Active metadata is the latest category from Gartner, and it’s a transformational leap from today’s augmented data catalogs.
Metadata management just got shaken up with Gartner scrapping its Magic Quadrant for Metadata Management Solutions and replacing it with the Market Guide for Active Metadata. See the difference? With that change, Gartner just introduced Active Metadata as a new category for the future.
As with any new category in the data ecosystem, this announcement comes with a ton of excitement, some healthy skepticism, and loads of questions.
- What exactly is active metadata?
- How is it different from augmented data catalogs and other technologies we’ve seen before?
- What does an active metadata platform look like?
I’ve written previously about what an active metadata platform and its key characteristics are. Today, I want to go one step further from this abstract discussion and paint a picture of what an active metadata platform could look like, break down the key components, and give some real-life use cases of active metadata.
TL;DR: What does an active metadata platform look like?
In my mind, an active metadata platform has 5 key components:
- The metadata lake: A unified repository to store all kinds of metadata, in raw and processed forms, built on open APIs and powered by a knowledge graph.
- Programmable-intelligence bots: A framework that allows teams to create customizable ML or data science algorithms to drive intelligence.

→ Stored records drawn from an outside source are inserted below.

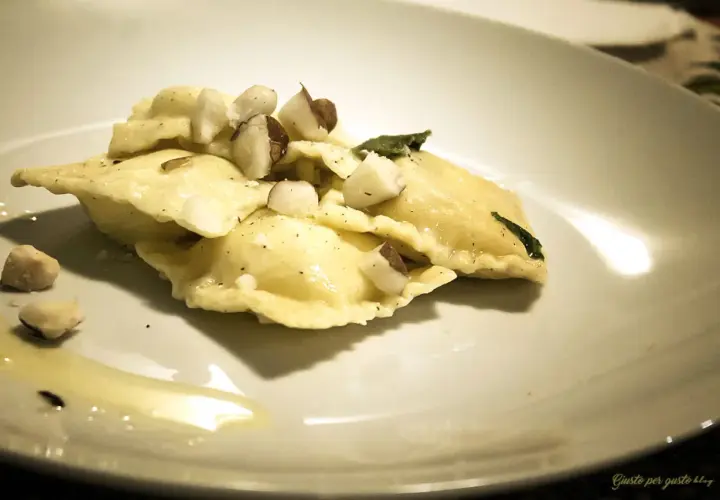 Ravioli pere e pecorino, conditi con nocciole tritate e una foglia di salvia, su un piatto bianco con un filo d'olio.
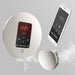 Mr. Steam Control Panel and smartphone app, sleek silver design with digital display and controls.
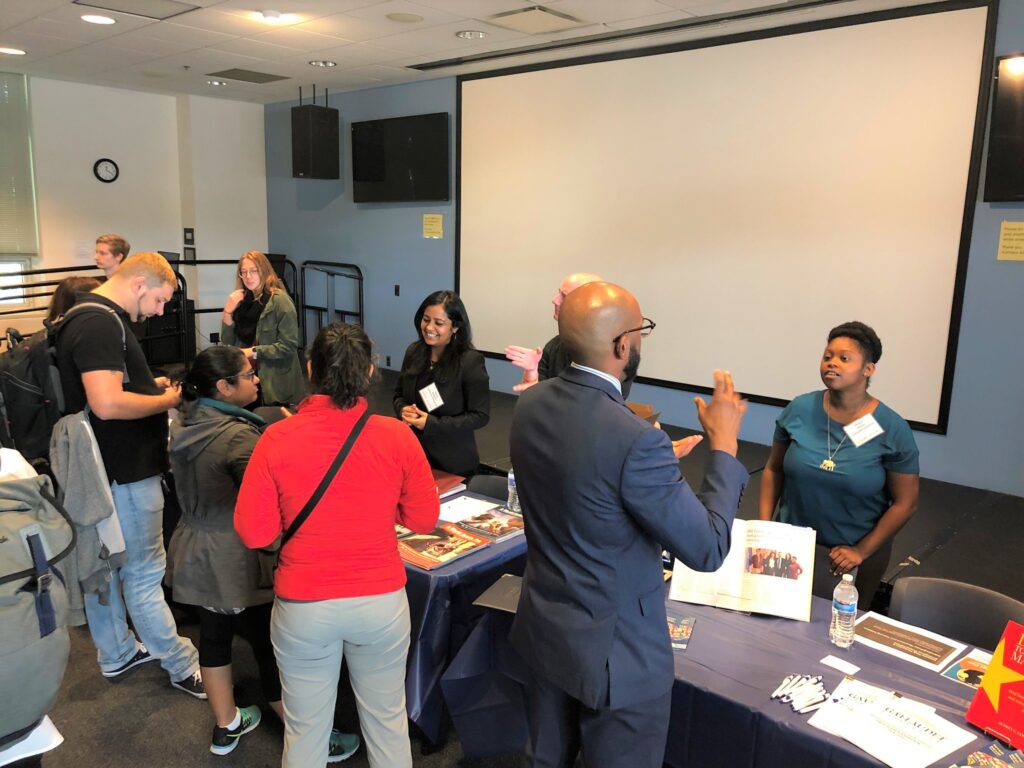 People mill around two exhibit tables and speak or sign questions with staff inside a large exhibit hall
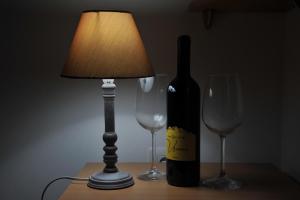 eine Flasche Wein und zwei Gläser auf dem Tisch in der Unterkunft Apartman Bojanic in Podgorica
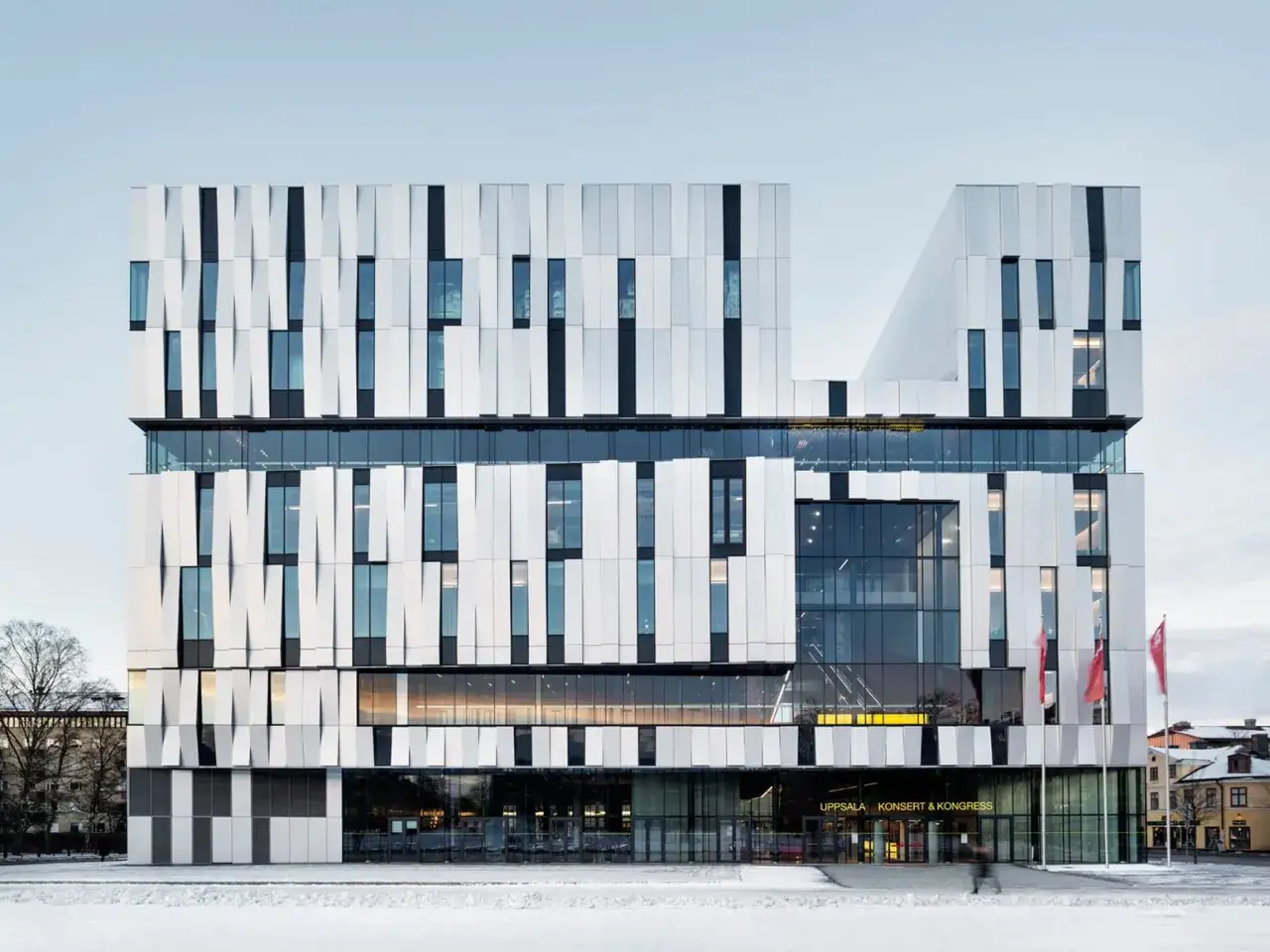 Uppsala Konsert & Kongress, en modern byggnad med en unik fasad av vita paneler och glas, står i snö.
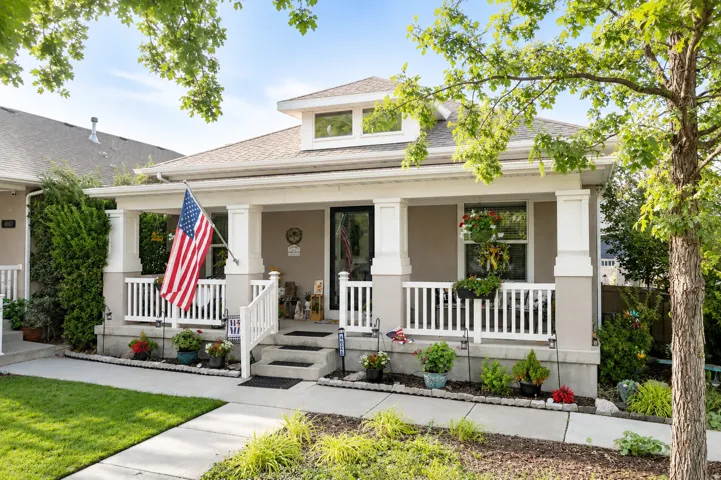 Covered front porch with white railings and columns, dormer window, and an established front yard with concrete pathways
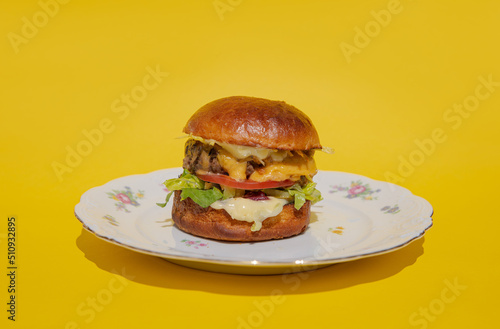 Obraz na płótnie A juicy burger with meatball, cheese and fresh vegetables lies on a plate on a yellow background. Melting cheese flows down a bright and colorful burger. Restaurant burger. Delicious dinner w salonie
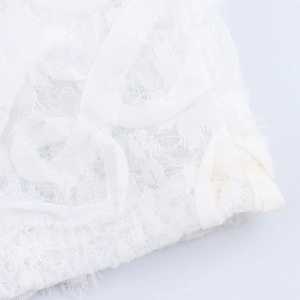 Dettaglio elegante in pizzo floreale 3D bianco di un abito lungo attillato in mesh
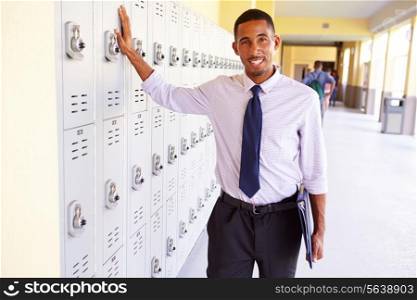 Male High School Teacher Standing By Lockers
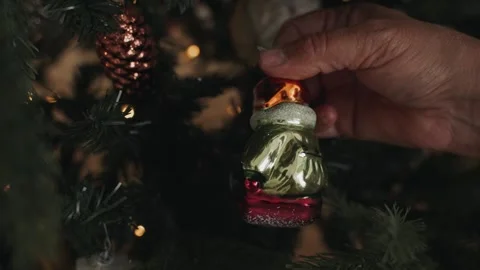 Close-up of woman's hands decorating Christmas tree wist antique retro toy Stock Footage 166545450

- Embedded collaboration plugins: A set of integrations, unified by the common metadata layer, that seamlessly integrate data tools with each data team’s daily workflow.
- Data process automation: An easy way to build, deploy, and manage workflow automation bots that will emulate human decision-making processes to manage a data ecosystem.
- Reverse metadata: Orchestration to make relevant metadata available to the end user, wherever and whenever they need it, rather than in a standalone catalog.
1. The metadata lake: A single central store for metadata
A few quarters ago, I wrote about the concept of a metadata lake: a unified repository to store all kinds of metadata, in raw and further processed forms, which can be used to drive both the use cases we know of today and those of tomorrow.
Active metadata is built on the premise of actively finding, enriching, inventorying, and using all of this metadata, taking a traditionally “passive” technology and making it truly action-oriented.
The cornerstone of any active metadata platform, the metadata lake has two key characteristics:
- Open APIs and interfaces: The metadata lake needs to be easily accessible, not just as a data store but via open APIs. This makes it incredibly easy to draw on a single store of metadata at every stage of the modern data stack to drive a variety of use cases, such as discovery, observability, and lineage.
- Powered by a knowledge graph: Metadata’s true potential is unlocked when all the connections between data assets come alive. The knowledge graph architecture — which powers some of the world’s largest internet companies like Google, Facebook, and Uber — is the most promising candidate to make these metadata connections come alive.
2. Programmable-intelligence bots
We’re fast approaching a world where metadata itself is becoming big data, and making sense of this metadata is key to creating modern data management ecosystems.
Metadata intelligence has the potential to impact every aspect of the data lifecycle. It could parse SQL query logs to automatically create column-level lineage. It could auto-identify PII (personally identifiable information) data to protect private information. It could catch bad data, before it catches us, by automatically detecting data outliers and anomalies. In the past few years, metadata has seen some innovation in this regard, and “augmented” data catalogs have become become more and more popular.
However, in all the hype, I believe there’s one thing that we’ve gotten wrong so far about how intelligence would apply to data management — one size doesn’t fit all.
Every company is unique. Every industry is unique. Every individual team’s data is unique.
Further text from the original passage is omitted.